Instructions for the task: For the records that follow, please set down exactly the lines between the one holding "My Girl in LA" and the one holding "Illustration HomeExchange - femme qui pense", inclusive, and only those.

Input material:
===

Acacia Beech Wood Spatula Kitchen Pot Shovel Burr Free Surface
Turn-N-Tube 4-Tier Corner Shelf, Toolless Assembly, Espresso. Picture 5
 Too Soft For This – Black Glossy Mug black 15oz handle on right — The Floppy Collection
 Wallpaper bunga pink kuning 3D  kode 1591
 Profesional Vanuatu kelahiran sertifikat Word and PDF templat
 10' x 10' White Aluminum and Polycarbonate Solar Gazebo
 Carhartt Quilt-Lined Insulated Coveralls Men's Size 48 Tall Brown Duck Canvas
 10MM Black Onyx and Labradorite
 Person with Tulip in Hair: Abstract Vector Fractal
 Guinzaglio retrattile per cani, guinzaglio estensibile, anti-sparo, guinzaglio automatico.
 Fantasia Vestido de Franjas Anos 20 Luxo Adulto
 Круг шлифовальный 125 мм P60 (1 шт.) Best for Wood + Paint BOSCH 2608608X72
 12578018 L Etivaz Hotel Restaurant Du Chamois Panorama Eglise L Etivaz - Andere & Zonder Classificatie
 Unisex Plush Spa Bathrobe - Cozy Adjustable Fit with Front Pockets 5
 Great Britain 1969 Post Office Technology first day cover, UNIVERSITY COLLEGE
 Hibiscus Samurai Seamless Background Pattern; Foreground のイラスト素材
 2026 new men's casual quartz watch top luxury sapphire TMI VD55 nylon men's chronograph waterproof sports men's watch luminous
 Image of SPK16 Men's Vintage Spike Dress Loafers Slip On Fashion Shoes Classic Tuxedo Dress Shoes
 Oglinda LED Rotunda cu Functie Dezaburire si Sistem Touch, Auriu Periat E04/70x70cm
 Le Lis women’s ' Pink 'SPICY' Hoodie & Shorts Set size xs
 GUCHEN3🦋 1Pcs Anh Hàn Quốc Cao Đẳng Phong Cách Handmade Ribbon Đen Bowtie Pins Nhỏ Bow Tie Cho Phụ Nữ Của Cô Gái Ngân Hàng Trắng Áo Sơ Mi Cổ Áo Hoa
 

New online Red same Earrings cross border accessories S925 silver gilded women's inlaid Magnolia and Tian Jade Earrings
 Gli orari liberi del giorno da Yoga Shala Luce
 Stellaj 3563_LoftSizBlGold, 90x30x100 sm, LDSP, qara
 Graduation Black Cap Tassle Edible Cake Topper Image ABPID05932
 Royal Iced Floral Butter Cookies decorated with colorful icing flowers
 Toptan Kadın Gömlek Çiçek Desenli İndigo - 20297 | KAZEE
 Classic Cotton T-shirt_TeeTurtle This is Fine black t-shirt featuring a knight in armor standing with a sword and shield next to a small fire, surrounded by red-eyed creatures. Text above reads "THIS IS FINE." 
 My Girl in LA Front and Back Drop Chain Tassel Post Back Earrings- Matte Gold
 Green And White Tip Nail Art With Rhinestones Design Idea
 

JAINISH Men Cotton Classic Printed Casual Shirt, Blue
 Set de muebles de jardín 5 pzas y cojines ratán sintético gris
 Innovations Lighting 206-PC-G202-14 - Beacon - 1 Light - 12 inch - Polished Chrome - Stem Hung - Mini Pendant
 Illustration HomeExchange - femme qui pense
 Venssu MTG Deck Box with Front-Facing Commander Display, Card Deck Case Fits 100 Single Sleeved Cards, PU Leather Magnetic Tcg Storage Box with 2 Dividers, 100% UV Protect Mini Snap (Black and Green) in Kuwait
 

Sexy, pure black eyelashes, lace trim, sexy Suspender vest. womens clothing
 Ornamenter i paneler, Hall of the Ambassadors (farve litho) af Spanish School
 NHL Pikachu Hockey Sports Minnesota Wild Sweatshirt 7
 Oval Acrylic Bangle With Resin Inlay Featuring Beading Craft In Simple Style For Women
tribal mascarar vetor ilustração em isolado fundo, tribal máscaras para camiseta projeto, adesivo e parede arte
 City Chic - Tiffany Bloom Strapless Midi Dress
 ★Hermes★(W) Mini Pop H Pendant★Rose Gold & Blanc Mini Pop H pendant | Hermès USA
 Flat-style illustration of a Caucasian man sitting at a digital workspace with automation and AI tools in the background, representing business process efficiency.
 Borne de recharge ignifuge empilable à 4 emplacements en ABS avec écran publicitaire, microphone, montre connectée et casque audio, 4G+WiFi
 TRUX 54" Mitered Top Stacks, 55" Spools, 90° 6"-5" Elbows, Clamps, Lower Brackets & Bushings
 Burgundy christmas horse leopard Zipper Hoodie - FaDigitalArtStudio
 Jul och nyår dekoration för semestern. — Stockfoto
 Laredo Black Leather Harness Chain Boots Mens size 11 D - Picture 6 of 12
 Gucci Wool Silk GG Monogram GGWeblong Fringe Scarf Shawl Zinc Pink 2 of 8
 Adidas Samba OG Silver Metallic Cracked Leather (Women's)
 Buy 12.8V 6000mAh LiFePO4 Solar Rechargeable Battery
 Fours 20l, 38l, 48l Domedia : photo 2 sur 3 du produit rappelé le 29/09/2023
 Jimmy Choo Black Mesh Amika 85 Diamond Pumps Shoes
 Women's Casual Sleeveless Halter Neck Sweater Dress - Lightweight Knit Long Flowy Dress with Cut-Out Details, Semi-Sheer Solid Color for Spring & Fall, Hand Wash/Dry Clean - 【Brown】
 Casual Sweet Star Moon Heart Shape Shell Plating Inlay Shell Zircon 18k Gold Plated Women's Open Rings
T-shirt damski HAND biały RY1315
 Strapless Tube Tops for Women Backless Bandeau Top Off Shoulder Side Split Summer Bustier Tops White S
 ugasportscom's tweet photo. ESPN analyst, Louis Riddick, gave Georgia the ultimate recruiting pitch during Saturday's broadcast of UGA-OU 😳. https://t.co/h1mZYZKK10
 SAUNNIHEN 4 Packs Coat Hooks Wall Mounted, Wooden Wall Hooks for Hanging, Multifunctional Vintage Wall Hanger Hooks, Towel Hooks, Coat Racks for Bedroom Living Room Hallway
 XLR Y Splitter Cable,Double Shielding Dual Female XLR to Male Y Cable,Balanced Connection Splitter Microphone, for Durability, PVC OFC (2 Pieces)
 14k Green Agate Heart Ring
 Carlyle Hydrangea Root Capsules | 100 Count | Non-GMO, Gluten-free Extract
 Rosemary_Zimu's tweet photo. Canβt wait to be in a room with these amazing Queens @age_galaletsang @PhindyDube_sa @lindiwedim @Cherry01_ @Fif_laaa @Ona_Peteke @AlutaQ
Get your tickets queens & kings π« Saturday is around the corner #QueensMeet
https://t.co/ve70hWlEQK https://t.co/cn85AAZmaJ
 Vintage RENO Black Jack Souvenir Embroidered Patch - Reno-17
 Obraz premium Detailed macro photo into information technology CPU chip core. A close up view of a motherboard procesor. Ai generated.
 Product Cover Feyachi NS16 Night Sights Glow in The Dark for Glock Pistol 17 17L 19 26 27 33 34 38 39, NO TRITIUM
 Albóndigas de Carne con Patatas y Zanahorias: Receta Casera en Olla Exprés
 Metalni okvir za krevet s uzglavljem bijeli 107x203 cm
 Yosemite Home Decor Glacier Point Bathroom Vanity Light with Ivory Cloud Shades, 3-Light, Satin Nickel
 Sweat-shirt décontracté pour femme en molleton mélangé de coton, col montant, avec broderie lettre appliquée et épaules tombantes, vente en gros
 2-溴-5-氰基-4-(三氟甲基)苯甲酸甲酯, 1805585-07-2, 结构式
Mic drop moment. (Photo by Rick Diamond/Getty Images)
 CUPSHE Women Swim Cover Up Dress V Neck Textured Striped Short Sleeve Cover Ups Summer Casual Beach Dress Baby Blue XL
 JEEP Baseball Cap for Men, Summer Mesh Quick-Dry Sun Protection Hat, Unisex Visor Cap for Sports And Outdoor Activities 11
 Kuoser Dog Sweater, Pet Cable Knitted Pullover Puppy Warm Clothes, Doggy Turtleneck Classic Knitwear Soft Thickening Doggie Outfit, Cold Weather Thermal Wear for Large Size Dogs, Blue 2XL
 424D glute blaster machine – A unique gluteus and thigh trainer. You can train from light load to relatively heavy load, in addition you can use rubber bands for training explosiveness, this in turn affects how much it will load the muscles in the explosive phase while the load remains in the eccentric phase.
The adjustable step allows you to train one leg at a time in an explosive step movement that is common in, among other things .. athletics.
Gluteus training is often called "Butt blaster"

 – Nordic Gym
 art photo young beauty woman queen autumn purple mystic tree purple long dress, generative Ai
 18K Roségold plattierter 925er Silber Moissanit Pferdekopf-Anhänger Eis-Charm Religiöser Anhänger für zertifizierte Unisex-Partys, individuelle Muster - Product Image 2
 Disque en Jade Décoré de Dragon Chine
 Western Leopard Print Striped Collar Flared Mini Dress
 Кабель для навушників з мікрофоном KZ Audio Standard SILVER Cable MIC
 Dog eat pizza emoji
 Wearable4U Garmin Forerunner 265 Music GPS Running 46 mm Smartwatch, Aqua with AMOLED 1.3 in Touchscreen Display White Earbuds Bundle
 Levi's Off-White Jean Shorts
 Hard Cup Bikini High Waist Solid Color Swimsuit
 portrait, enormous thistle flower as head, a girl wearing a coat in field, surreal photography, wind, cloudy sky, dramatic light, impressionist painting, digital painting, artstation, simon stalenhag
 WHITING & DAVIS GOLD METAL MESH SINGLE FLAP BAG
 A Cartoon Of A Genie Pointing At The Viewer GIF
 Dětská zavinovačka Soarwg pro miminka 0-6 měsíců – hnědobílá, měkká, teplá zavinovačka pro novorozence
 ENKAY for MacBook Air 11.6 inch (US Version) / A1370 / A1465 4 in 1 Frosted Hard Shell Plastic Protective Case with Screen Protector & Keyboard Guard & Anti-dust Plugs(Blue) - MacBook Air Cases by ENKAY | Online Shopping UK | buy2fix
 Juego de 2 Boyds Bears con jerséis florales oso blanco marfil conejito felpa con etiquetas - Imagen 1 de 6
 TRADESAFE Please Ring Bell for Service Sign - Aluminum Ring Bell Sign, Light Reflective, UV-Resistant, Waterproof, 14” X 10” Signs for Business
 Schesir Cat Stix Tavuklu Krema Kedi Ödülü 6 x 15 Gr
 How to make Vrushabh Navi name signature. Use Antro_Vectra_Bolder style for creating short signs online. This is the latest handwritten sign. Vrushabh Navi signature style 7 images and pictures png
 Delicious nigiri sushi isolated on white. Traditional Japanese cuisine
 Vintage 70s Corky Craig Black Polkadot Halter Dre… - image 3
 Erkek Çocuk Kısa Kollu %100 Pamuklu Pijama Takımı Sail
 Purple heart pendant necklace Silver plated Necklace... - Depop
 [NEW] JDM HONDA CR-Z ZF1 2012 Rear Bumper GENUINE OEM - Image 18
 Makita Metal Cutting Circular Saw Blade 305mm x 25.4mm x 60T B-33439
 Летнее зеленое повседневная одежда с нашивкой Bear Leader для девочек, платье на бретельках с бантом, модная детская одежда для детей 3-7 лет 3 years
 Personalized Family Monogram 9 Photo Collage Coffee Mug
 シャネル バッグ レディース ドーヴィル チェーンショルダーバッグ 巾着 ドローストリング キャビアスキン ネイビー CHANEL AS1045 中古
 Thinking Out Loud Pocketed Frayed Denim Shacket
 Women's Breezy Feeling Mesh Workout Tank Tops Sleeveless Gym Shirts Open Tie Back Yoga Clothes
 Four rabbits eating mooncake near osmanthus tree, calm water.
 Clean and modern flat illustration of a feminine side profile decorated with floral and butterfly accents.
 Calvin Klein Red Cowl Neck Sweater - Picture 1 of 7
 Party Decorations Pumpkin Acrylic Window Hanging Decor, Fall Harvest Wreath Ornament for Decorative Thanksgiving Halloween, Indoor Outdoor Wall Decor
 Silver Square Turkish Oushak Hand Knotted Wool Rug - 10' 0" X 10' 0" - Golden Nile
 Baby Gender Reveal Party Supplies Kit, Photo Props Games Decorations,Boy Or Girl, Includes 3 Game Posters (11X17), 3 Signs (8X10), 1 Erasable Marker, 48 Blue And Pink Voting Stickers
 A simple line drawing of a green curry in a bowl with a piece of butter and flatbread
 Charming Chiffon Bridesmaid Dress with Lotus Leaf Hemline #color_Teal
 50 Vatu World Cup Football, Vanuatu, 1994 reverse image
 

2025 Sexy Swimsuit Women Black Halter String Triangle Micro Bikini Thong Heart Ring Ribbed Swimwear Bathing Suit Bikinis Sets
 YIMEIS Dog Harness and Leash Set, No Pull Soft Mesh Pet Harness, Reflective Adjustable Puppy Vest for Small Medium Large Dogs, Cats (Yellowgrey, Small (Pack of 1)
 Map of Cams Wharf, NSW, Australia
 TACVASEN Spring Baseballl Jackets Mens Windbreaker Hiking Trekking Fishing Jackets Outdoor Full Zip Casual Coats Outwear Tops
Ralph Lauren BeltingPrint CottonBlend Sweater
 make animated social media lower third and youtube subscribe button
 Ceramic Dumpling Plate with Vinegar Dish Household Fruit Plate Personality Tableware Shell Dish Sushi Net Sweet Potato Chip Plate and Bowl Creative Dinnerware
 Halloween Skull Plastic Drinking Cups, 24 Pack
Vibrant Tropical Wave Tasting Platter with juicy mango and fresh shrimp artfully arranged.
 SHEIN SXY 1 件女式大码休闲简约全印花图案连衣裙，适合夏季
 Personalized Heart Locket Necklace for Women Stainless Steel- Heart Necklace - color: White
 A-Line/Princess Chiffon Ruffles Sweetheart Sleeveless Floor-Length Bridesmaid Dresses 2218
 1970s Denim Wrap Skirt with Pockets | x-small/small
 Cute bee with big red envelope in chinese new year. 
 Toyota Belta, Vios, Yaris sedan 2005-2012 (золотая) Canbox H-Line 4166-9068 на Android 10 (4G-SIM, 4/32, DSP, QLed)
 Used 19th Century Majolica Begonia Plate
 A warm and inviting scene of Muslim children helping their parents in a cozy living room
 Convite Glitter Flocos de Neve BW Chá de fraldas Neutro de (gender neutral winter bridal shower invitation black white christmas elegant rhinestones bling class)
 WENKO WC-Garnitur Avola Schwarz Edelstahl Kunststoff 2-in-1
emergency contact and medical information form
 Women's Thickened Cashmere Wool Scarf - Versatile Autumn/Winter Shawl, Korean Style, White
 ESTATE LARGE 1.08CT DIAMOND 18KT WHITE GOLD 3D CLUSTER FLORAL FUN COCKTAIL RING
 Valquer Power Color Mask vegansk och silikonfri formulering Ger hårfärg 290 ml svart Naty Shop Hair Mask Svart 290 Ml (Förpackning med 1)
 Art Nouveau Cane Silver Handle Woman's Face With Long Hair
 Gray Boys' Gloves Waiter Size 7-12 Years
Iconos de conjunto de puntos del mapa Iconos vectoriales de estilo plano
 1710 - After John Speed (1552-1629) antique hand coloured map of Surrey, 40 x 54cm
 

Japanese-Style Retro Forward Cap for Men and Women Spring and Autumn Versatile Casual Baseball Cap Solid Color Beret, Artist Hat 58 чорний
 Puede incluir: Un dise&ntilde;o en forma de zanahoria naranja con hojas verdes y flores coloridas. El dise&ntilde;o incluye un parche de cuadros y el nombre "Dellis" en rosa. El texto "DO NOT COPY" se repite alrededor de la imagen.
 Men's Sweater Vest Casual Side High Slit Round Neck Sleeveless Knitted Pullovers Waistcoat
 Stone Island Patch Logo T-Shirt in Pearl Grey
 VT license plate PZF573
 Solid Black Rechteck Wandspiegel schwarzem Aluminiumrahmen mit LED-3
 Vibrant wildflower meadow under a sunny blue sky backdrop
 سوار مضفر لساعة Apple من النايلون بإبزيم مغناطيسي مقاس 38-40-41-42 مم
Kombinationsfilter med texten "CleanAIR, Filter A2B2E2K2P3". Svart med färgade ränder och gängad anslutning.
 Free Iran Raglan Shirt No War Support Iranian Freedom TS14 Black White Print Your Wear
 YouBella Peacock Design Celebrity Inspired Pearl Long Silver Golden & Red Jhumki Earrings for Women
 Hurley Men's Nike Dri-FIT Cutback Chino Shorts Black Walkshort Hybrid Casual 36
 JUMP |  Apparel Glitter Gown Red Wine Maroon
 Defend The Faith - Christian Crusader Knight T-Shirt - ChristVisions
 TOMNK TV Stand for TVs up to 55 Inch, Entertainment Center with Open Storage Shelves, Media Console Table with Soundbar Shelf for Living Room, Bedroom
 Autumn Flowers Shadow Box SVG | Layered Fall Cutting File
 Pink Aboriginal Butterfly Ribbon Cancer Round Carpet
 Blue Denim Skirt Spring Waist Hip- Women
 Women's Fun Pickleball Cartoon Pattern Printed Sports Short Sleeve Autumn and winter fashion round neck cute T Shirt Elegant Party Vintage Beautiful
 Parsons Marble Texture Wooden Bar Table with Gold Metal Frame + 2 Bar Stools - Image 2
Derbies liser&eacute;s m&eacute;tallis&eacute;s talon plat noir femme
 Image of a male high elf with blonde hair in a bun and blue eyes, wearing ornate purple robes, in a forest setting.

===

Written reply:
 My Girl in LA Front and Back Drop Chain Tassel Post Back Earrings- Matte Gold
 Green And White Tip Nail Art With Rhinestones Design Idea
 

JAINISH Men Cotton Classic Printed Casual Shirt, Blue
 Set de muebles de jardín 5 pzas y cojines ratán sintético gris
 Innovations Lighting 206-PC-G202-14 - Beacon - 1 Light - 12 inch - Polished Chrome - Stem Hung - Mini Pendant
 Illustration HomeExchange - femme qui pense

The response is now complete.